Six people opened their mouths to argue.

“Okay,” I said. “Celeste’s memories matter. I do want them. I know they’re part of what I was supposed to get when I joined this thing of ours, and I do want the full meal deal, but right now, they’re dessert. Extraneous. Celeste’s memories can’t tell us what she’ll do next.”

“Celeste is personality without consciousness,” Oskar said. “She can’t do anything.”

“No,” Ramon spoke very deliberately.

Oskar, pacing between bedroom and living room, seized the door frame with enough force that a watercolor illustration from a children’s Bible I’ve never seen jumped into my mind. Samson at the temple, his arms braced against carved marble columns, head bowed, shoulder muscles mounded in furious protest. “We agreed on this, Ramon,” he ground out.

“I think ‘personality’ is imprecise.”

Oskar almost howled.

“What then, Ray?” Phil asked.

“Ramon,” Ramon said. “It’s Ramon.”

I saw the dimple before he said it. “Celeste is Ramon without consciousness?”

Oskar actually roared.

It startled Felicia, but Nick opened his goat teeth and laughed. Ramon waited.

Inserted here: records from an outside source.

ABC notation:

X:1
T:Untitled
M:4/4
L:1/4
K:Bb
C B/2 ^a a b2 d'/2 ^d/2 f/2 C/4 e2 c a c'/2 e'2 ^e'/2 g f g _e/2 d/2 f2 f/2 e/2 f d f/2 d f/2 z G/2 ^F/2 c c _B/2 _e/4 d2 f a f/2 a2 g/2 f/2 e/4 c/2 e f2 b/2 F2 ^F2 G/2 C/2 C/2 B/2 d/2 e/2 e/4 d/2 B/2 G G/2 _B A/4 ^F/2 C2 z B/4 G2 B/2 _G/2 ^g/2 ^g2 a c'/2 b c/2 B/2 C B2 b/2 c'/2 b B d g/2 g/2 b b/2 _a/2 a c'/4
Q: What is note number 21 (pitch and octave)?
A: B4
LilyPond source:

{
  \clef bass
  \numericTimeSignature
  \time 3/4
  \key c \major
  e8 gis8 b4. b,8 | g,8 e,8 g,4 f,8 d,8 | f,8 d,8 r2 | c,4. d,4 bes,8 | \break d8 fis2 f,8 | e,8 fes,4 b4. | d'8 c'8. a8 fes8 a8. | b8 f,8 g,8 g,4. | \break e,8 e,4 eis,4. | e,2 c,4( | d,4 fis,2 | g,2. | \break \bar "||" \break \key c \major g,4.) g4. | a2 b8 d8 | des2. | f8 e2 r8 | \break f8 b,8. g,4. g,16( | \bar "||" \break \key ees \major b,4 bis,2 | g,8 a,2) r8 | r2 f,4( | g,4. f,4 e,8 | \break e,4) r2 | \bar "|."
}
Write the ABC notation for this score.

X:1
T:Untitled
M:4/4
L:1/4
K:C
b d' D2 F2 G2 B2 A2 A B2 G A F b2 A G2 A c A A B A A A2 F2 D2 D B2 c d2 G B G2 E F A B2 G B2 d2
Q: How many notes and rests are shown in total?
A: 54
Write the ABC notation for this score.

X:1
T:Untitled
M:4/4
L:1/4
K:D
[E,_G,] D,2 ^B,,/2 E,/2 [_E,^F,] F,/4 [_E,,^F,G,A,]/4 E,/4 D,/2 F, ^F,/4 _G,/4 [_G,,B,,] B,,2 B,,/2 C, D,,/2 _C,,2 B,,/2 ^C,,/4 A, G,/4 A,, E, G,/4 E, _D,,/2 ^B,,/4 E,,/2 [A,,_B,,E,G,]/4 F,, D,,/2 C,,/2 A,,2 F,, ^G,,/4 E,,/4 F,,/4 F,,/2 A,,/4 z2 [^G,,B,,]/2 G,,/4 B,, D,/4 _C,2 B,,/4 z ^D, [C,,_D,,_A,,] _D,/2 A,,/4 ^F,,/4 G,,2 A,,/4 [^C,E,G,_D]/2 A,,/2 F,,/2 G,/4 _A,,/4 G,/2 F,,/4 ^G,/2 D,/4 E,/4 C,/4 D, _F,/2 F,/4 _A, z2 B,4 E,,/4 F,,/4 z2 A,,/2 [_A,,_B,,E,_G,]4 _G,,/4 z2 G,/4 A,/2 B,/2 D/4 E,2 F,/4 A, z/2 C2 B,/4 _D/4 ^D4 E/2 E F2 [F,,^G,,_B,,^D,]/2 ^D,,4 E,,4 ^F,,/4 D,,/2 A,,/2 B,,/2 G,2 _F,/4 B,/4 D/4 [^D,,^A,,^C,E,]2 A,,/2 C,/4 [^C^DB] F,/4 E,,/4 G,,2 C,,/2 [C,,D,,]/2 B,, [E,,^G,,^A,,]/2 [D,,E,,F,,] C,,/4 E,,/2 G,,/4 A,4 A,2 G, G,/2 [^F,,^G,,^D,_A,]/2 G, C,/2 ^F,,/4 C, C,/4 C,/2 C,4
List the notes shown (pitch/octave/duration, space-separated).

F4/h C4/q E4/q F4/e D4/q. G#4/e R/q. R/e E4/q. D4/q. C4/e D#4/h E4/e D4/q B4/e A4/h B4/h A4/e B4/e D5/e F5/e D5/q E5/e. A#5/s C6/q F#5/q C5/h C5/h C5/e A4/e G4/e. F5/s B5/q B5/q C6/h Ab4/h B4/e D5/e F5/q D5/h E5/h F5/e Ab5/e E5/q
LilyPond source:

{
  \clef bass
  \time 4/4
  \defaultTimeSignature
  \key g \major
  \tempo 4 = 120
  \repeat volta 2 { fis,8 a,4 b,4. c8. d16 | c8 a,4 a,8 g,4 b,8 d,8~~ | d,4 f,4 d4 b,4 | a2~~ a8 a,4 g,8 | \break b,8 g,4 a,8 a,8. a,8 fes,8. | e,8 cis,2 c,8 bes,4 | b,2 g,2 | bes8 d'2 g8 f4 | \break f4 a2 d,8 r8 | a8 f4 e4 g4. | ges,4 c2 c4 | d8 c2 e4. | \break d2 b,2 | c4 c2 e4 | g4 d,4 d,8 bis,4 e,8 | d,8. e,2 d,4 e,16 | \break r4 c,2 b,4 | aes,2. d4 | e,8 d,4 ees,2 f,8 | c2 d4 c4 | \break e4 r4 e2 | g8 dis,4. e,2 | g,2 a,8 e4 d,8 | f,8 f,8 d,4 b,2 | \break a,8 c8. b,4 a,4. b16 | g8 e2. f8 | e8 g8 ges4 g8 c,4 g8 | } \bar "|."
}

Once we all settled down, he tried again. “I think it is not Celeste’s personality, but a selection of her personality’s attributes that remain active in the Garden. Her fearfulness, for example.”

“Attributes don’t have agency,” Oskar snapped. “Celeste’s fears can’t do anything. They can’t misfile fucking yarn balls.”

“It seems they can,” Ramon said. “To cling to belief in light of countervailing evidence is dogma, Oskar.”